They sat on the checkout counter of a liquor store drinking booze and warm beer. All of them were well under the old drinking age, but fine and fit young folks; they’d entered the city under a makeshift hole in the fence – codenamed “the asshole” amongst the youth to generate such intelligent quips as “hey, Chip, you want to crawl into the asshole tonight?” - and found this rotgut liquor store completely untouched two miles up the main road.

Carla was a fine blonde piece of ass who usually ganged up with those dipshit Mexicans, but today she’d elected to take off with the gringos to venture into the asshole and see the city in all of its darkened, abandoned glory. Sure, her Mexican boyfriend and their roaming gang of drunken lunatics had all the guns, but she felt safer with what her grandmother used to call “her own kind.” Maybe it was that old tribalism setting in since all the bad shit wiped out order and rule and Martin Luther King, Jr., but she was pretty sure it was the pale, blue-eyed Pete, who sat calmly under an unruly mop of brown hair and chugging Jack straight from the bottle.

“Goddam tequila,” said Chuck, a thin work who was already balding at 20. He eyed the bottle in Carla’s soft, nail-bitten hands as one would a smashed cucaracha, “even when we can convince you to get away from the enemy you’re still slamming their favorite baby formula. You’re breaking my heart.”

“There’s a traitor in our mist!” emoted Chip, a dull piece of shit who couldn’t even remember the shitpot state he lived in before the survivors clogged Canada like a swollen artery a year ago. “Nonetheless,” he said, standing tall on the counter like an orator preparing to campaign for Lincoln, “we must all do a bottoms-up to our fallen brotheren, so take your moonshine and drink up!”

“To our fallen white brothers and sisters!” seven children cheered. Only Carla remained silent – and also Pete, who continued to stare distantly out the window and deeply into the inky canopy of the charred night sky.
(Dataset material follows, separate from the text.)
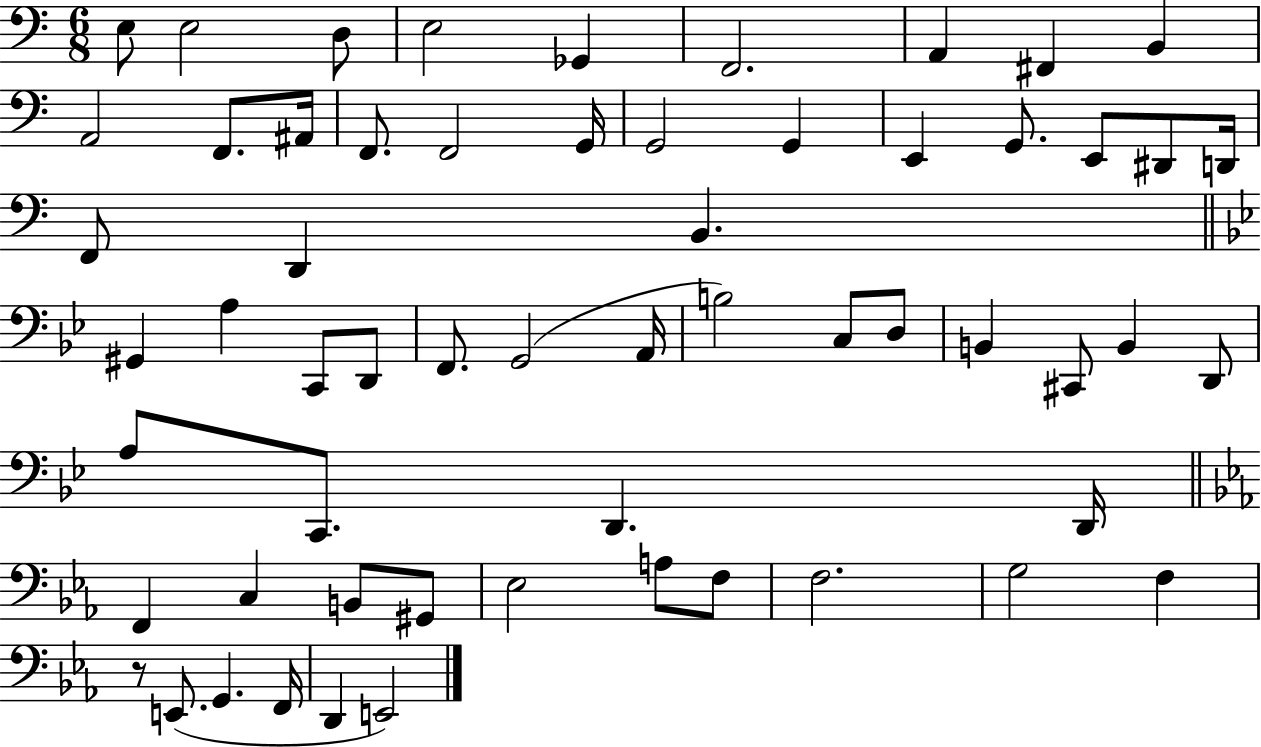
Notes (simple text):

E3/e E3/h D3/e E3/h Gb2/q F2/h. A2/q F#2/q B2/q A2/h F2/e. A#2/s F2/e. F2/h G2/s G2/h G2/q E2/q G2/e. E2/e D#2/e D2/s F2/e D2/q B2/q. G#2/q A3/q C2/e D2/e F2/e. G2/h A2/s B3/h C3/e D3/e B2/q C#2/e B2/q D2/e A3/e C2/e. D2/q. D2/s F2/q C3/q B2/e G#2/e Eb3/h A3/e F3/e F3/h. G3/h F3/q R/e E2/e. G2/q. F2/s D2/q E2/h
One of the crew, an old army brat called Rodge, informed Chip that he needed a drink; Chip snagged a shotglass from the display by his feet, poured a dab of his drinking water in it, and then dumped four OxyContins they’d obtained from the CVS down the road inside of it. The football-shaped pills serenaded quietly in the small glass.

“To us!” they cried when Chip was ready, and Carla knew that “us” didn’t mean the good ol’ boys sitting here; “us” meant the White race, that magnificent gathering of Homo Sapiens Sapiens who were running the show before but who had been taken abruptly off the air as of late. Gulps of alcohol filled the room; the clatter of pills against Chip’s teeth put an odd sort of punctuation to this little toast.

Talking began shortly after, mostly punctuated by a Chip who was hyped on what he called the “percs” of being the leader. Chip was dumb as a socket wrench but charismatic, no doubt about it, and many of the kids listened to him in the same way many of their parents listened to Brother White. He began to ramble on and on about the “Spic threat”; since the black folk folded into infighting a month ago it seemed like a reasonable discussion, but Carla knew it was aimed right at her. She bit back bitter tears as the rant continued, but dared not run out into the abandoned metropolis alone. The others stared at Chip and nodded drunkenly, as if these particular revelations weren’t orated by Brother White at all during the last few church services.

“ … trying to jump the fence even before those years that the world started warming up round the Equator. Equator runs right through Mexico City, you know, and that’s why they started killing our patrol officers and how they took over Austin and transformed Texas into the Nuevo Republico of Mexico or some taco shit like that. They was too dumb to move north like the real Texans and they fried where they stood, goddamn greasers … “

“I can see stars,” Pete said, speaking for the first time since they arrived. All eyes darted to him like pins on a magnet. Pete considered the sky with a slightly cocked head. “I think I can see the North Star out there, through the dust.”

Chip, suddenly facing an entire audience thieved, looked at the source and spat, “the only stars the scientists say you be seein for the next ten years is the ones made by my fist to yer Jew-lovin face.” Chip followed this with a forced, loud laugh, rotating his head noticeably until everyone else was looking at him again and pretending to laugh right along.

In the middle of the recapture of Fort Ignorance, Pete stood up, a zombie transfixed by the flesh of an unseen sight out of the E-Z-Go window. He left his tequila on the floor and drifted out side silently, unnoticeably. Carla took the opportunity to follow, carrying the 1800 bottle under her arm like a football.

“G’bye Mr. Jew Lover and Mrs. Spic Lover!” Chuck said through a mouth filled with a melted glob of Skittles. “Hope yer assfuckin’ ends with a wandering nigger shooting both of yer in the head!”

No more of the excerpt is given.